◆ **DATA FOR THE TASK**:

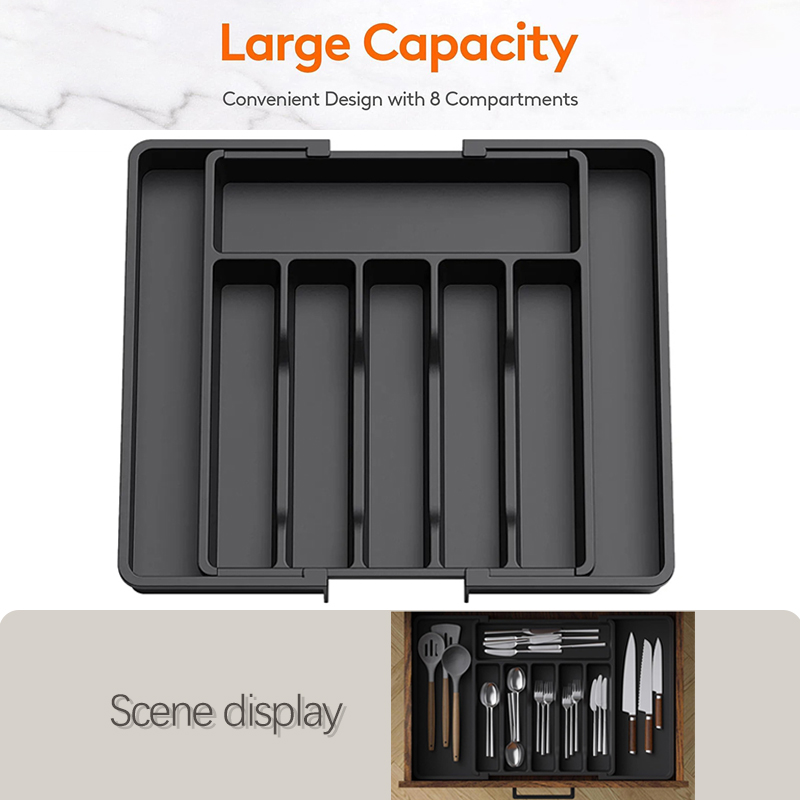 Bandeja Expandible para Utensi - Drawer Organizer Tray reseña y precio
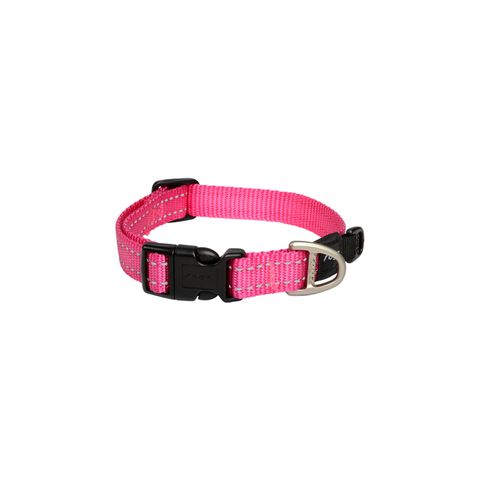 Rogz Utility Classic Collar Pink Med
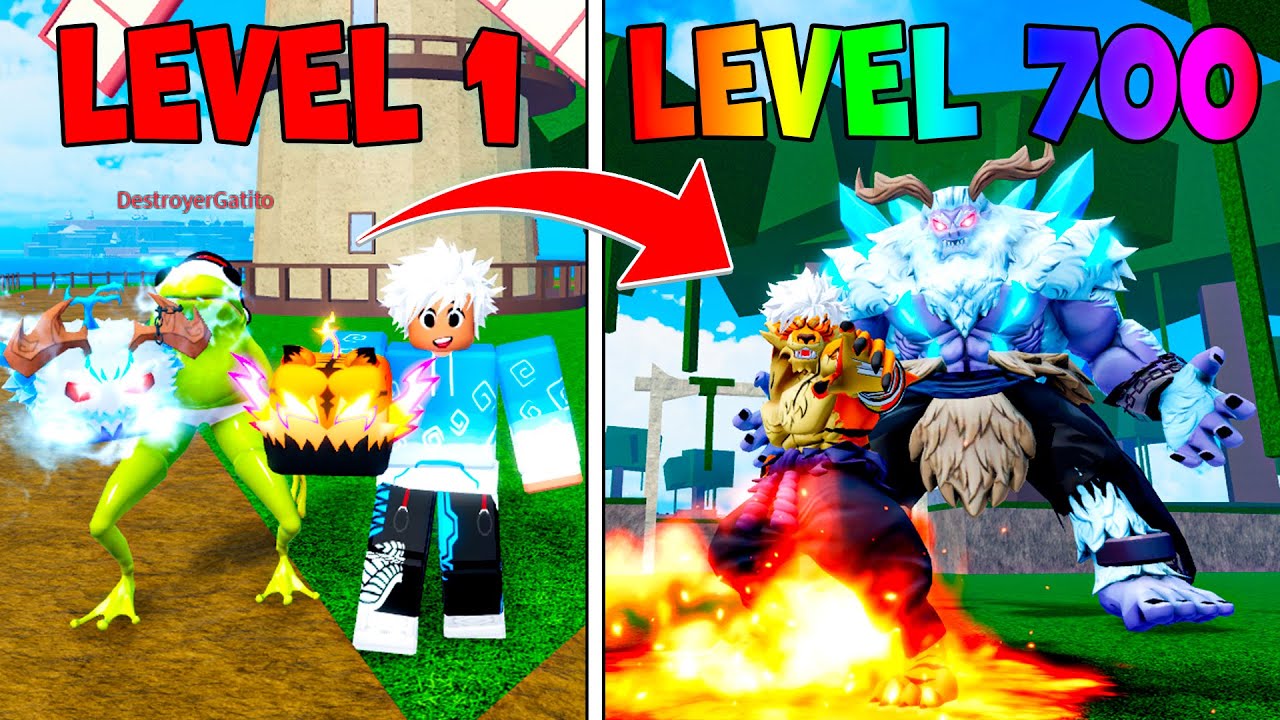 1 ao 700 com a TIGER vs YETI no Blox Fruits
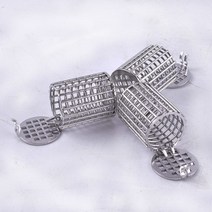 라운드 SS 정제 용해 바구니 싱커 실험실 테스트 장치 포장 유형 상자, 01 ID.12x H25mm 316
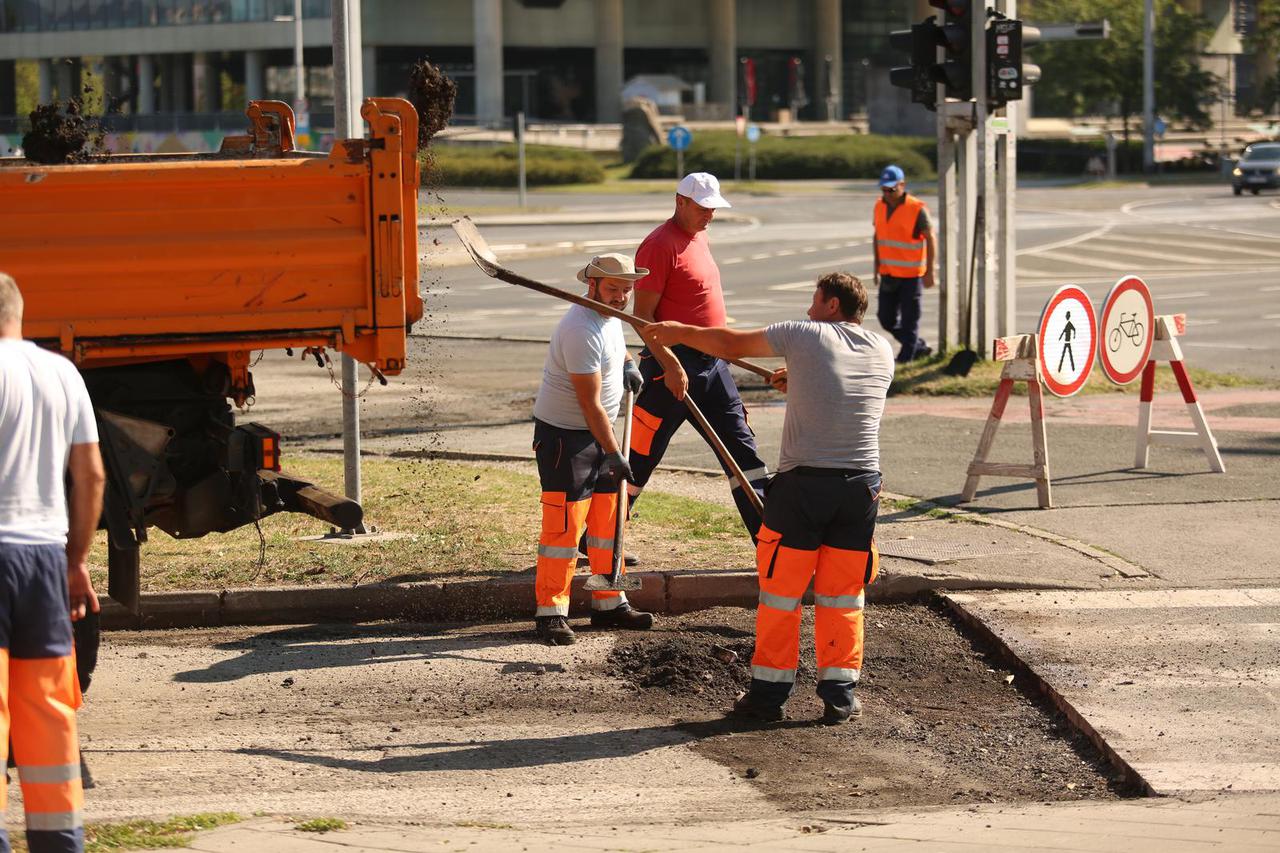 Zagreb: Zbog radova zatvoren dio Avenije Dubrovnik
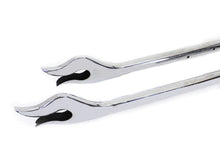 Load image into Gallery viewer, 31 Straight Flame Exhaust Pipe Extension Set Chrome 0 /  Custom application for 1-3/4 pipes"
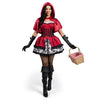 Women Little Red Riding Hood Dress Costume Set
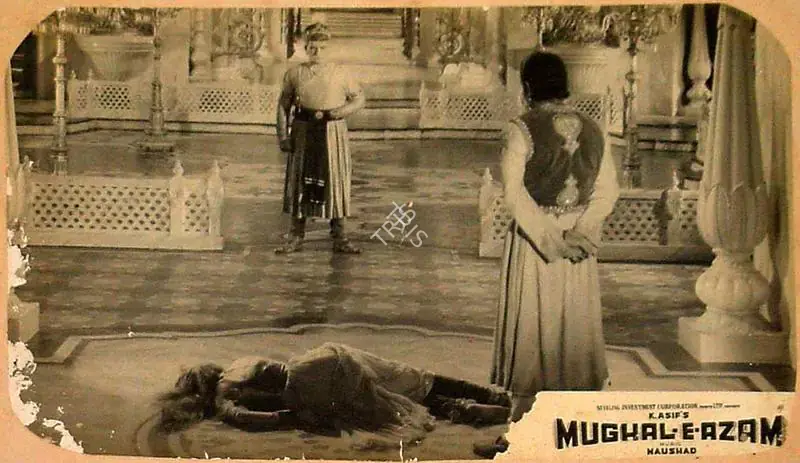 Mathur, R.D. (Cinematographer), Mughal E Azam, 1960 | Lobby Card | CinemaEducation | 00820602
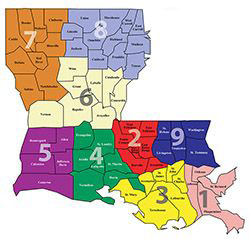 map of louisiana parishes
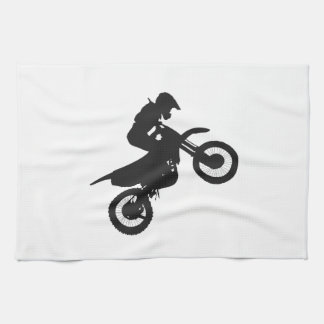 Motocross driver - Choose background color Tea Towel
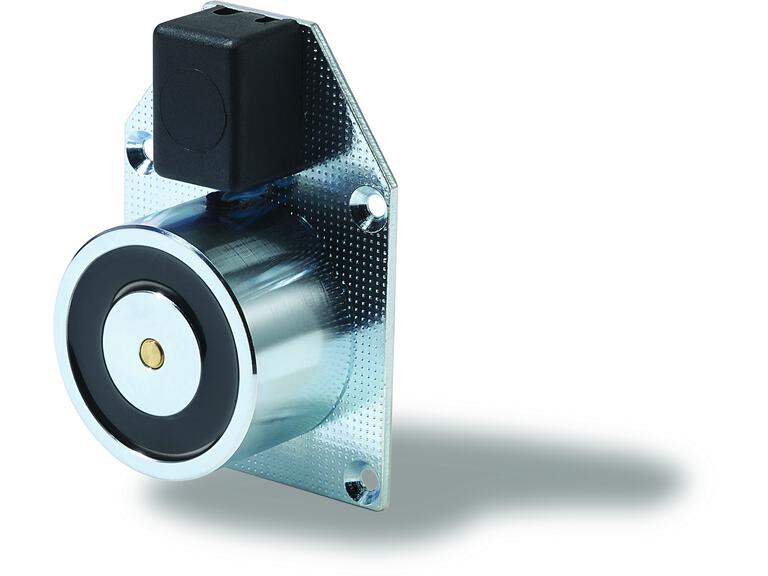 Türhaftmagnete – Grundmagnet mit Stahlgrundplatte mit Klemme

◆ **EXERCISE REQUIREMENTS**: Only the pictures are dropped. Otherwise, write out the listing exactly.

◆ **ANSWER**:
 Bandeja Expandible para Utensi - Drawer Organizer Tray reseña y precio
 Rogz Utility Classic Collar Pink Med
 1 ao 700 com a TIGER vs YETI no Blox Fruits
 라운드 SS 정제 용해 바구니 싱커 실험실 테스트 장치 포장 유형 상자, 01 ID.12x H25mm 316
 Zagreb: Zbog radova zatvoren dio Avenije Dubrovnik
 Load image into Gallery viewer, 31 Straight Flame Exhaust Pipe Extension Set Chrome 0 /  Custom application for 1-3/4 pipes"
 Women Little Red Riding Hood Dress Costume Set
 Mathur, R.D. (Cinematographer), Mughal E Azam, 1960 | Lobby Card | CinemaEducation | 00820602
 map of louisiana parishes
 Motocross driver - Choose background color Tea Towel
 Türhaftmagnete – Grundmagnet mit Stahlgrundplatte mit Klemme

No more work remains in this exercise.